Promoter experiments - What's next? (Feb/19/2007 )
I've already been doing a bioinformatic analysis of the region upstream from de first exon of my known sequence that codes for the protein of interest, can anybody tell me what to do next? I mean I'm planning to study the region with a construction having a reporter, but how do I decide which is the hypothetical promoter region? for maybe I don't see activity due to negative regulation.......
I'm not very good at this issue......
Does anyone has some information or protocols? or links where I can find out what to take into account when doing this kind of experiments??

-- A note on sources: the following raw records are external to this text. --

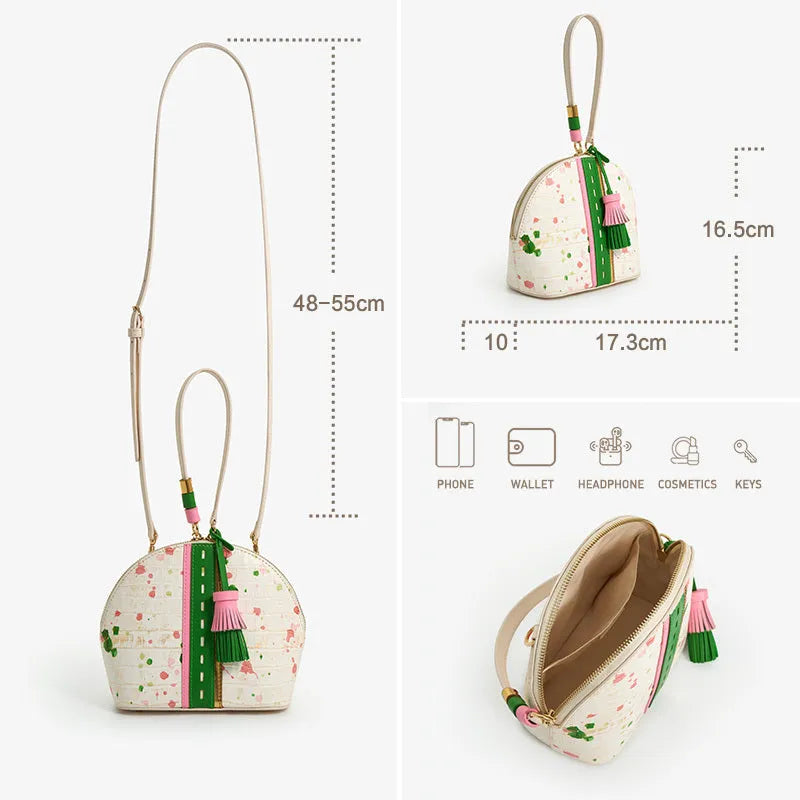 Women's genuine cow leather shell shape tassel handbag in Gypsophila colour with zipper closure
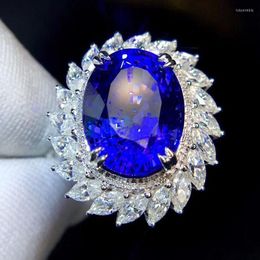 Cluster Rings 925 Imitated Natural Sapphire Tanzanite Princess Temperament Adjustable Ring White Gold Plated Inlaid Luxury Jewelry Women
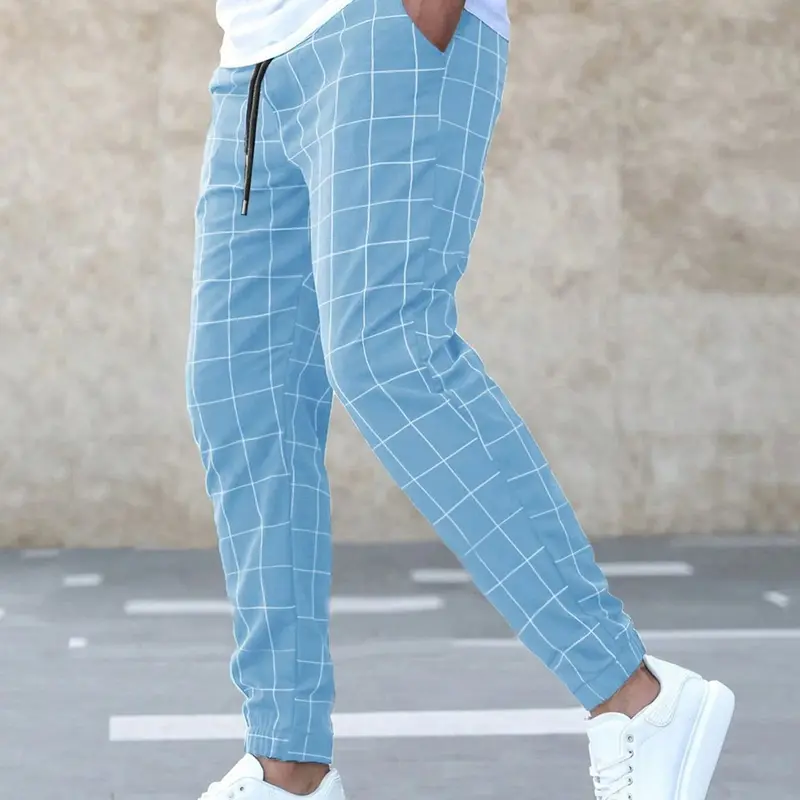A pair of men's casual sports trousers, Casual Slim Fit, Casual Fitted Style, plaid texture design, lightweight fabric, suitable for daily wear, Casual Pants, Casual Sporty Pants
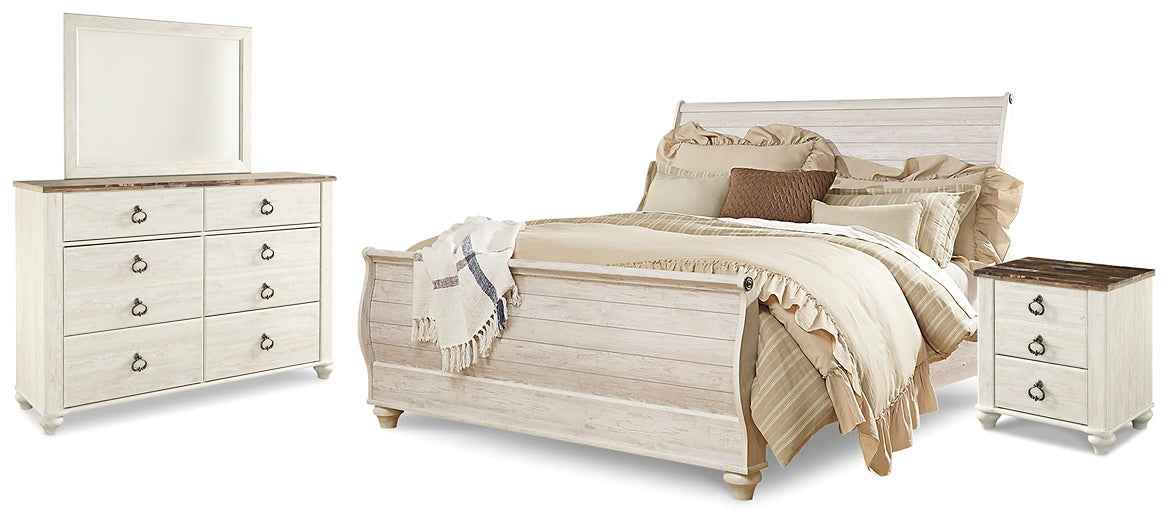 Willowton King Sleigh Bed with Mirrored Dresser and Nightstand at Walker Mattress and Furniture Locations in Cedar Park and Belton TX.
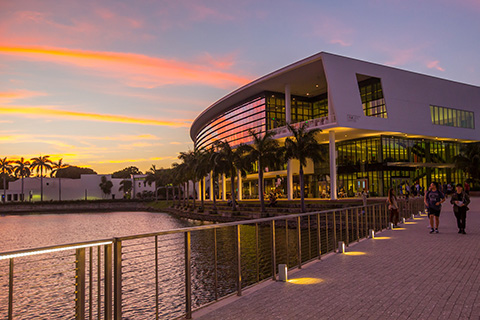 Exterior of the student center at the University of Miami at sunset.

Have you thought about a "dissection" of the promoter region? If you already know the predicted promoter region after exploring with specialized software, you can dissect it choosing several regions of that zone, so if you clone your reporter construction downstream each chosen fragment, you could find where is the promoter region of your gene of interest.
I hope it helps.
Typically the characterization of a poorly described promoter would be carried out using a 5' large sequence with the generation of smaller constructs by 5' deletions in an attempt to map out the functional elements. The region of interest should, if possible extend to the start codon. Since you have carried out some bioinformatics (I assume transcription factor binding sites) you could think about verifying these using EMSA. There are several other techniques that can be used to investigate promoter regions. This link goes over some of the different techniques. It’s focused on polymorphisms, since that is what I'm interested in but the principles should apply to all promoter analysis. http://www.clinsci.org/cs/104/0493/cs1040493.htm.
Our lab uses the pGL3 reporter vector form promega, have a look at their website for more info on that system.